Runtime Error Cuda out of Memory: LSTM

Hi, I am having a memory issue and I’m not sure how to solve it. The issue goes as follows:

RuntimeError: CUDA out of memory. Tried to allocate 28.62 MiB (GPU 0; 11.17 GiB total capacity; 10.38 GiB already allocated; 27.62 MiB free; 14.18 MiB cached)

My code is a DRQN agent doing 3 convolutions and passing through an LSTM layer in the forward pass with an unroll loop. I guess there are too many intermediate results which are clogging up the memory although I’m not sure how to fix it . Can anyone help?

Code:

class DRQNBody(nn.Module):
    def __init__(self, in_channels=4):
        super(DRQNBody, self).__init__()
        self.feature_dim = 512
        self.rnn_input_dim = 7*7*64
        self.batch_size = 1
        self.unroll  = 10 
        in_channels = 1 # for 1 frame input
        self.conv1 = layer_init(nn.Conv2d(in_channels, 32, kernel_size=8, stride=4))
        self.conv2 = layer_init(nn.Conv2d(32, 64, kernel_size=4, stride=2))
        self.conv3 = layer_init(nn.Conv2d(64, 64, kernel_size=3, stride=1))
        self.lstm = nn.LSTM(self.rnn_input_dim, self.feature_dim , num_layers = 1)
        self.hidden = self.init_hidden()

def forward(self, x):
    ycat = torch.Tensor()
    xchunks= torch.chunk(x,self.unroll, 1)
    for ts in range(len(xchunks)):
        y = F.relu(self.conv1(xchunks[ts]))
        y = F.relu(self.conv2(y))
        y = F.relu(self.conv3(y))
        y = y.view(y.size(0), -1) # flattening
        ycat = y.view(-1, 1, self.rnn_input_dim)   # Adding dimention 
        output, self.hidden = self.lstm(ycat, self.hidden)#output_chunks[yt], self.hidden)
    y = torch.squeeze(output,1)
    return y

Assuming you are running this on jupyter kernel, try to restart the system or kernel and see if the error persists.

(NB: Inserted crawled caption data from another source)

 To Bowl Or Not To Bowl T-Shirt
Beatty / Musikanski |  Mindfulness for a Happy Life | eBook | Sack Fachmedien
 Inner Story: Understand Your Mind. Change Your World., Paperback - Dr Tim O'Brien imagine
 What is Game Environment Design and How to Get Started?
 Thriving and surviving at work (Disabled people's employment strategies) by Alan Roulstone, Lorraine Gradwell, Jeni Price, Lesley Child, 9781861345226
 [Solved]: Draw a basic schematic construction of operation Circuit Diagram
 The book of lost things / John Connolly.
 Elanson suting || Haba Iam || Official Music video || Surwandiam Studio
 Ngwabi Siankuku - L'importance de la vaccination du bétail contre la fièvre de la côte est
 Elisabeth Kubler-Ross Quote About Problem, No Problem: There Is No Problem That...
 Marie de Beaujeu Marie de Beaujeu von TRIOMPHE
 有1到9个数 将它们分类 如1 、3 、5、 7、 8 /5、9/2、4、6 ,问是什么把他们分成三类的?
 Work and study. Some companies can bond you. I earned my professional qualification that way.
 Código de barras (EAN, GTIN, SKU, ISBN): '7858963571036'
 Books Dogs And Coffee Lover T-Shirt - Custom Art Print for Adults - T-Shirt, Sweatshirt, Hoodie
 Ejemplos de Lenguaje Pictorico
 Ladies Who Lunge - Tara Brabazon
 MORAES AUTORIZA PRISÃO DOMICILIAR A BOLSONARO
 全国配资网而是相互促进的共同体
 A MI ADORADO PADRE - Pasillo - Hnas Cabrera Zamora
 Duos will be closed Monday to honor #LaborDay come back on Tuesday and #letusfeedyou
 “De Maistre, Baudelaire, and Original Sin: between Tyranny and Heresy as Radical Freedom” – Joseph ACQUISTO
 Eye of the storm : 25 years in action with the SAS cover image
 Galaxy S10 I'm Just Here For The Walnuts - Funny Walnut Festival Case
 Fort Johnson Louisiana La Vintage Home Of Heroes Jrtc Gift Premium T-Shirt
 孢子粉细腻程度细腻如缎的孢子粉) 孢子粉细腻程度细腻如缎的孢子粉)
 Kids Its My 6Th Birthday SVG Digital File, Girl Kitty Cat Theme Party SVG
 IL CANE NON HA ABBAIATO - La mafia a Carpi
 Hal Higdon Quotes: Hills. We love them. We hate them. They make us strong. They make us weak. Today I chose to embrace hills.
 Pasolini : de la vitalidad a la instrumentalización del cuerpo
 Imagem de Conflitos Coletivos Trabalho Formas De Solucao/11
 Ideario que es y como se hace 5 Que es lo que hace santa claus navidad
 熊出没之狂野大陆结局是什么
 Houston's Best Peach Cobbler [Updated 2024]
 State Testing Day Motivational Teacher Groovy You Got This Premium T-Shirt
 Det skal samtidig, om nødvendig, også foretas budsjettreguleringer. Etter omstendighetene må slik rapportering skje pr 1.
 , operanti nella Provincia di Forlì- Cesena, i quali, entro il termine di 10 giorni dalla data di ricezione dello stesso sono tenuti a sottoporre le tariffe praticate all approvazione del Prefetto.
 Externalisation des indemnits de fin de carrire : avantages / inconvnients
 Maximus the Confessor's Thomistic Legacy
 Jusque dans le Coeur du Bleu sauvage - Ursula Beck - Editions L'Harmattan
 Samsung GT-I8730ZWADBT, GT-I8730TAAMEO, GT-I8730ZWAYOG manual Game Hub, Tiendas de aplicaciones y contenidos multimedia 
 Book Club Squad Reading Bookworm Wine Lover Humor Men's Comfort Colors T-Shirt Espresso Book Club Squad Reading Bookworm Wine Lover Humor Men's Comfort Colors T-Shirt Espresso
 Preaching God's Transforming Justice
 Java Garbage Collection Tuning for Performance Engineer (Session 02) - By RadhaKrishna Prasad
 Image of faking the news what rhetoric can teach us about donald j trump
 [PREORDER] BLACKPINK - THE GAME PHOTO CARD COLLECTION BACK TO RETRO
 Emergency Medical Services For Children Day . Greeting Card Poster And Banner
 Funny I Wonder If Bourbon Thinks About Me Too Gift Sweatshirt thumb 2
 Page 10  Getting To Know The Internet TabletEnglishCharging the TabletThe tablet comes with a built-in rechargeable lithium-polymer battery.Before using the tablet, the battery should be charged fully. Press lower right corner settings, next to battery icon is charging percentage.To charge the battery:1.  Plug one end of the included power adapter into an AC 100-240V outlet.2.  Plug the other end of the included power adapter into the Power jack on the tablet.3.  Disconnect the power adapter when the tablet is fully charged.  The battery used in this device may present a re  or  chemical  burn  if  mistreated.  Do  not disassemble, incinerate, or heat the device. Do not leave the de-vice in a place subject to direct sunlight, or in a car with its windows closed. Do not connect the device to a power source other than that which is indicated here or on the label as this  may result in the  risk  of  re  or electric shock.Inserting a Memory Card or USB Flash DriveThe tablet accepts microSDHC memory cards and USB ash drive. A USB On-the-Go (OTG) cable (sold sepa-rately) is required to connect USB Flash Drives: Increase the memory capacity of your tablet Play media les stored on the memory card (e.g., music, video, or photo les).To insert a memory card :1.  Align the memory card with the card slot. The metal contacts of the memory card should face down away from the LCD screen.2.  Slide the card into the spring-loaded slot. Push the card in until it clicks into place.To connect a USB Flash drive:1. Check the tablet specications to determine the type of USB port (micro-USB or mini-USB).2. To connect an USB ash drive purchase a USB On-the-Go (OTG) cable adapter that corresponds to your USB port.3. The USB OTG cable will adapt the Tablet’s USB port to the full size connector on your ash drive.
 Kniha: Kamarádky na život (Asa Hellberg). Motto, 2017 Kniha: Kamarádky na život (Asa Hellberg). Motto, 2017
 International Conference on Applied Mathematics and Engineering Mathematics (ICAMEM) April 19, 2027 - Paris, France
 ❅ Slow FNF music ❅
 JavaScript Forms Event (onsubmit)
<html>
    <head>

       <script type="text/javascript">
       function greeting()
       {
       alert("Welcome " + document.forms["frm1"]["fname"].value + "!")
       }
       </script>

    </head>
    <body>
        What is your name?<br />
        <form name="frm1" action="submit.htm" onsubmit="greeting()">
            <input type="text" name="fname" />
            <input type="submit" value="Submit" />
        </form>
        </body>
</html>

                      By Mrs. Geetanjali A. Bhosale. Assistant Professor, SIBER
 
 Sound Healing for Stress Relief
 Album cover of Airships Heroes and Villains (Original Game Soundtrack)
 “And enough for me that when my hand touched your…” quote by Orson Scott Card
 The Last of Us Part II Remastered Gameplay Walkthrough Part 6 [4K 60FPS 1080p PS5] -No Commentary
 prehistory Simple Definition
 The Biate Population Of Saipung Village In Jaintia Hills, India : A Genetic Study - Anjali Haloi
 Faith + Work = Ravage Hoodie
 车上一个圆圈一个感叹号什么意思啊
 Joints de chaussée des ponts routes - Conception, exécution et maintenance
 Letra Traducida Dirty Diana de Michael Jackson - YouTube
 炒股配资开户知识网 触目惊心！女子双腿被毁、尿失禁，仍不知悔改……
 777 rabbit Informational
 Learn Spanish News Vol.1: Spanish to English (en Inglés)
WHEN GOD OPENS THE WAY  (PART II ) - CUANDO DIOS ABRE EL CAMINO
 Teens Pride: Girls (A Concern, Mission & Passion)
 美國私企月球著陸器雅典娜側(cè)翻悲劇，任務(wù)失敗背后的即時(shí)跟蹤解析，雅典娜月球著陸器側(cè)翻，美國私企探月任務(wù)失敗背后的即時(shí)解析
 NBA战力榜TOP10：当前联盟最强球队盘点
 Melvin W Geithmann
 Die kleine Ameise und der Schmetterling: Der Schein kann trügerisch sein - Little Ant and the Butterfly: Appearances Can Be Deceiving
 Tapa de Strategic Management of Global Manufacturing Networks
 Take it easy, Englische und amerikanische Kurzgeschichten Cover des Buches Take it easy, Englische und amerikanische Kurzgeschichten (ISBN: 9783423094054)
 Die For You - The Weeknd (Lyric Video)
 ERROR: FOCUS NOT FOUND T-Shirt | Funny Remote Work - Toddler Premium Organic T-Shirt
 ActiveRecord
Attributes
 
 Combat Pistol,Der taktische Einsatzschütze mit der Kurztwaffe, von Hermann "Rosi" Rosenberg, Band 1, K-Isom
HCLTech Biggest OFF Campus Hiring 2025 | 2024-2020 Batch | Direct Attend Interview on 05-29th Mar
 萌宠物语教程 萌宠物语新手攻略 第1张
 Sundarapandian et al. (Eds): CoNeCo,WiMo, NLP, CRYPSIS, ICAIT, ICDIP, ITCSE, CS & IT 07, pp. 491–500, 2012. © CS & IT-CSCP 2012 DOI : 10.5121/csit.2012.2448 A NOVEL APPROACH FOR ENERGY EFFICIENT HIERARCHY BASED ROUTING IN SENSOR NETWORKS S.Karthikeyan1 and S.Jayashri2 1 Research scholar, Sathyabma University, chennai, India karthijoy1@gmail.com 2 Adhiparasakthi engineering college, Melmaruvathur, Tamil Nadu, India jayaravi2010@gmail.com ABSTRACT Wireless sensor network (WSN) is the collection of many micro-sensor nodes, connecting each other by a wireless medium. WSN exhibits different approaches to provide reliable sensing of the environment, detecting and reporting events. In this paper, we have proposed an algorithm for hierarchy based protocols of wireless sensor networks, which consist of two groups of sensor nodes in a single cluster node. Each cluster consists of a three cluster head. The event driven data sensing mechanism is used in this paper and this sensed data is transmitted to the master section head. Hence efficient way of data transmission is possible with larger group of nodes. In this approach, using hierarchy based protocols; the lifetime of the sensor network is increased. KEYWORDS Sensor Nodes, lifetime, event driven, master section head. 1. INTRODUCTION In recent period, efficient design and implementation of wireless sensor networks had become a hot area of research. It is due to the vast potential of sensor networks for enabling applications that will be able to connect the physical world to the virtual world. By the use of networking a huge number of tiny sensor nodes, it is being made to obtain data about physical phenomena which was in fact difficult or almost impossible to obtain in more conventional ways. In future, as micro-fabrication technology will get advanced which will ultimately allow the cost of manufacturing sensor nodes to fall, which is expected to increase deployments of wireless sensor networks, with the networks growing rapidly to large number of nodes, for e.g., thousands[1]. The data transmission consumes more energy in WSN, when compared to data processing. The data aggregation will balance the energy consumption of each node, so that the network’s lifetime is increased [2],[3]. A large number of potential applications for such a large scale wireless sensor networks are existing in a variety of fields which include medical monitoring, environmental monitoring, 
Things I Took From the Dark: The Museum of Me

Generally this error comes up when you have previously moved some data to GPU and that data remains on GPU as you have to do manual garbage collection when using pytorch for this issue.

You can refer to this fastai tutorial for some references link

You could also try

torch.cuda.empty_cache()

if Kushajveer Singh suggestion did not do the trick for you.